Richard Avedon, nato a New York nel 1923, era affascinato dalla capacità della fotografia di suggerire la personalità ed evocare la vita dei suoi soggetti. Nel corso della sua carriera ha immortalato pose, atteggiamenti, acconciature, vestiti e accessori come elementi vitali e rivelatori di un’immagine. La fotografia era qualcosa in cui lui riponeva piena fiducia, piegando a suo piacimento le regole, le “tecniche”, per raggiungere quello specifico scopo stilistico o narrativo.
Questa arte è entrata molto presto a far parte della vita di Avedon. Infatti, all’età di dodici anni, Richard si è unito al club fotografico della Young Men’s Hebrew Association. Ma soltanto quando si è unito alle forze armate, nel 1942, durante la Seconda guerra mondiale, ha capito appieno quanto quest’arte fosse impressa nella sua vita: «Il mio lavoro era fare fotografie di identità. Devo aver fotografato centomila volti prima che mi venisse in mente che stavo diventando un fotografo», ha dichiarato.
A ventidue anni, ha iniziato a lavorare come fotografo freelance soprattutto per Harper’s Bazaar.
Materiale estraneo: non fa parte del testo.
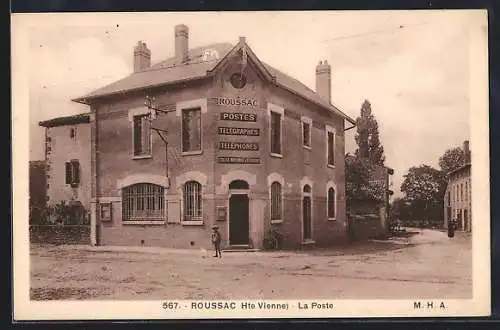 AK Roussac /Hte Vienne, La Poste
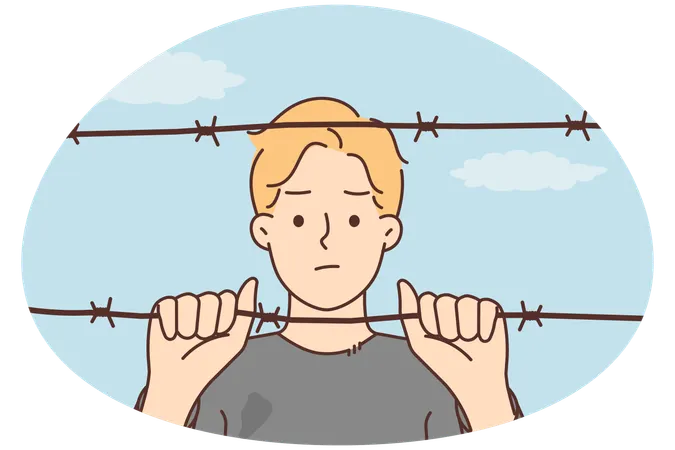 Mann hinter Gittern in Haft  Illustration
Non potendo usare subito uno studio per scattare, Richard Avedon ha immortalato modelli e moda per strada, ma anche sulla spiaggia, nei locali notturni, al circo e in luoghi assolutamente non comuni impiegando quell’intraprendenza e inventiva che sono poi diventate un carattere distintivo della sua arte. Grazie all’aiuto di Alexey Brodovitch, sua guida, è diventato in tempi brevi il fotografo principale della rivista.
Harper’s Bazaar è stato un trampolino di lancio per il fotografo di New York: Avedon ha infatti lavorato per Vogue per più di vent’anni, poi nel 1992 è diventato il primo fotografo del The New Yorker e con i suoi ritratti ha contribuito a ridefinire l’estetica della rivista. Nel frattempo, le sue foto di moda sono apparse quasi esclusivamente sulla rivista francese Égoïste. Ma il suo lavoro di definizione del marchio e le lunghe associazioni con Calvin Klein, Revlon, Versace e dozzine di altre aziende hanno portato ad alcune delle campagne pubblicitarie più famose della storia americana. Progetti che hanno permesso alla fotografia di Richard Avedon di esplorare passioni culturali, politiche e personali.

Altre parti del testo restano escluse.